Шрифт:
Закладка:
«В воскресенье, 19 мая, в Павловском парке молодая девушка стреляла в студента. Когда раненого подняли, он отказался себя назвать. Предполагают, что это один из великосветских романов».
Больше об этом ничего не было.
Потом оказалось, что так закончилось нашей «тайное благодеяние». У в. князя с Лили роман затянулся. Когда девушка узнала об обмане, то выстрелила в своего героя, не зная, кто он. Когда ее арестовали, она себя не назвала, боясь напугать мать. Потом великий князь хлопотал о ее освобождении, но сказал полицеймейстеру, что хотел бы избавиться от этой семьи, чтобы убрать их из Царского. А в то время Митя уехал лечиться к отцу. Отец навел справки, и оказалось, что эта дама, мать Лили, была вдовой еврея: ей жить, конечно, в Царском нельзя было.

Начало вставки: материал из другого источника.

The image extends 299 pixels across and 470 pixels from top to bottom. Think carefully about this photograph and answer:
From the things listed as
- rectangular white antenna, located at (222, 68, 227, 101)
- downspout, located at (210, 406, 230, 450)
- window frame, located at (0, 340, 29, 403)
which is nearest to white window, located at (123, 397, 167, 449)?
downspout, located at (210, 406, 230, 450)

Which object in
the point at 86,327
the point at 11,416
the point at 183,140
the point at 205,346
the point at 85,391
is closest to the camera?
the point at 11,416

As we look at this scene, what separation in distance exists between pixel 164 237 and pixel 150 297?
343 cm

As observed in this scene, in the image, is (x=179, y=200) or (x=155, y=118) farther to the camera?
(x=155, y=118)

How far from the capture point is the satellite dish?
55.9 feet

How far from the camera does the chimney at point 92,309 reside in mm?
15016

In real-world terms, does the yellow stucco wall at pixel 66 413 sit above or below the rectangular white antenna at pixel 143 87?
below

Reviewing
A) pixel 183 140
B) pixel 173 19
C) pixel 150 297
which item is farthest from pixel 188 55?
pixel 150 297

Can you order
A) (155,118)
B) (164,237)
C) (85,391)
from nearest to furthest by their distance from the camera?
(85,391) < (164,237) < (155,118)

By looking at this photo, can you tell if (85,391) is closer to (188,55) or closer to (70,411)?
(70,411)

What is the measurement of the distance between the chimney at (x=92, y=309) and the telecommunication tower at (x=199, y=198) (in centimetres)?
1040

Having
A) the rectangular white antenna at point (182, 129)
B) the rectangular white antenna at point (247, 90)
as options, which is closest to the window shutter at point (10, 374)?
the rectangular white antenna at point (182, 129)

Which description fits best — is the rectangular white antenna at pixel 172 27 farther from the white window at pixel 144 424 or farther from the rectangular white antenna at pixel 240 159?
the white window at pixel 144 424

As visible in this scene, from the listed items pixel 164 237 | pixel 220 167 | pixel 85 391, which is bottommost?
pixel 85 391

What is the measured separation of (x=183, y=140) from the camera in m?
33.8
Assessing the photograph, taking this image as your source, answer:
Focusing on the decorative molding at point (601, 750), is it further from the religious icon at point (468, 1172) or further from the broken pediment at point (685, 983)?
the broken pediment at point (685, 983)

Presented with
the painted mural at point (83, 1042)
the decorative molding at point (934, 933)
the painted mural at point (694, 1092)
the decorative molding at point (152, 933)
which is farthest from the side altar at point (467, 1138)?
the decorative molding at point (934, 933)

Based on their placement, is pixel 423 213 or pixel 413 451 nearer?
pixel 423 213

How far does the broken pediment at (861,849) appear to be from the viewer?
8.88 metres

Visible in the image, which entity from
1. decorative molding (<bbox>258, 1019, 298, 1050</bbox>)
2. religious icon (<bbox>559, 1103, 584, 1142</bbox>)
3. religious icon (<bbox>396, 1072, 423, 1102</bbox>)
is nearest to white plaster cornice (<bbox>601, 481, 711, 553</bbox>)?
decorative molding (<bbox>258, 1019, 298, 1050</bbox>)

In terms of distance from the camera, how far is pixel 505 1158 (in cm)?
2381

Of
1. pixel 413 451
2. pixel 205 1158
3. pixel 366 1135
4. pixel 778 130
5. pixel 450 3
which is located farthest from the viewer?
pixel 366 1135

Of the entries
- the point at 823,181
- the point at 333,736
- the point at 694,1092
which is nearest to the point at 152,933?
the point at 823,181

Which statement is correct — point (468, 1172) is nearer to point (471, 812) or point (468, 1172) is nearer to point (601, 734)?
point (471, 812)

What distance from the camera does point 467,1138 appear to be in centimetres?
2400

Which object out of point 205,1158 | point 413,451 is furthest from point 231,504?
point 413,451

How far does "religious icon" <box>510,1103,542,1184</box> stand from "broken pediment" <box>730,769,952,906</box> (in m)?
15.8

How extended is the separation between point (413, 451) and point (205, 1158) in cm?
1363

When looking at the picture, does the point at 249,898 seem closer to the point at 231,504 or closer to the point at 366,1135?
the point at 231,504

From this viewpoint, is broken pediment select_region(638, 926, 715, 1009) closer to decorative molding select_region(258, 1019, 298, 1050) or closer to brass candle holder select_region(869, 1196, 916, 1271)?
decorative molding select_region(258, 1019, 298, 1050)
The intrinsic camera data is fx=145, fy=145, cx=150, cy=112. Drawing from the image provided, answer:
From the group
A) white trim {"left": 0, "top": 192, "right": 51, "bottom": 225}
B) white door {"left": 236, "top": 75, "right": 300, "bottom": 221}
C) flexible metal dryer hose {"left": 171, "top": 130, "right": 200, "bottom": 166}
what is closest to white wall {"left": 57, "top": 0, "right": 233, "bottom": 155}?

Но она что-то скрыла – уже не знаю, – словом, жила под чужим именем. Ну и ее вместе с Лили арестовали, а детей у нее отняли. Она умерла в тюрьме, а Лили куда-то услали.
Все это вышло ужасно. Великого князя не было, он об этом узнал, только когда вернулся, месяцев через восемь, и страшно волновался.
– Вот, – говорит Митя, – наши полицейские суки! Готовы человека живьем съесть! Перестарался, мерзавец!
Он собирался было навести справки о том, куда девалась Лили, но потом решил ограничиться выговором полицеймейстеру… И еще боялся, что дойдет до Мамы.
Бедная, бедная девочка.
А мы так искренно верили в то, что наше «тайное деяние» принесет счастье всей семье.
* * *
Старец едет[190]. Ждем его с нетерпением. Мама все время повторяет:
– Он единственный человек, который вносит мир в мою душу.
И дети его ждут. Любят его святые слова. Оказывается, он задержался: совершал паломничество в Саров. И не один, а с народом. Его большой душе надо, чтобы всякий, кто будет около него, возрадовался. А посему Мама сегодня отправила ему три тысячи рублей на подарки для народа.
– И вот, – говорит старец, – эти министры-ослы велят из Царицына убрать Илиодора, а не понимают, что за ним сто старух поплетутся и такой рев поднимут – никакими пушками не заглушишь… Дурьи головы! Надо, чтобы все спокойно!
И опять о Л.Толстом вспомнил:
– Папе, – говорит, – на графов не везет: графа Л.Толстого за характер Синод оттолкнул, графа Витте (так как он граф) тоже – за большую умность… Так это не годится: плохое то хозяйство, когда хозяин умного приказчика боится!
Да, прав старец, прав мудрый, святой пророк!
Мама говорит:
– Если бы я не была царица, то была бы с теми, кто против царей!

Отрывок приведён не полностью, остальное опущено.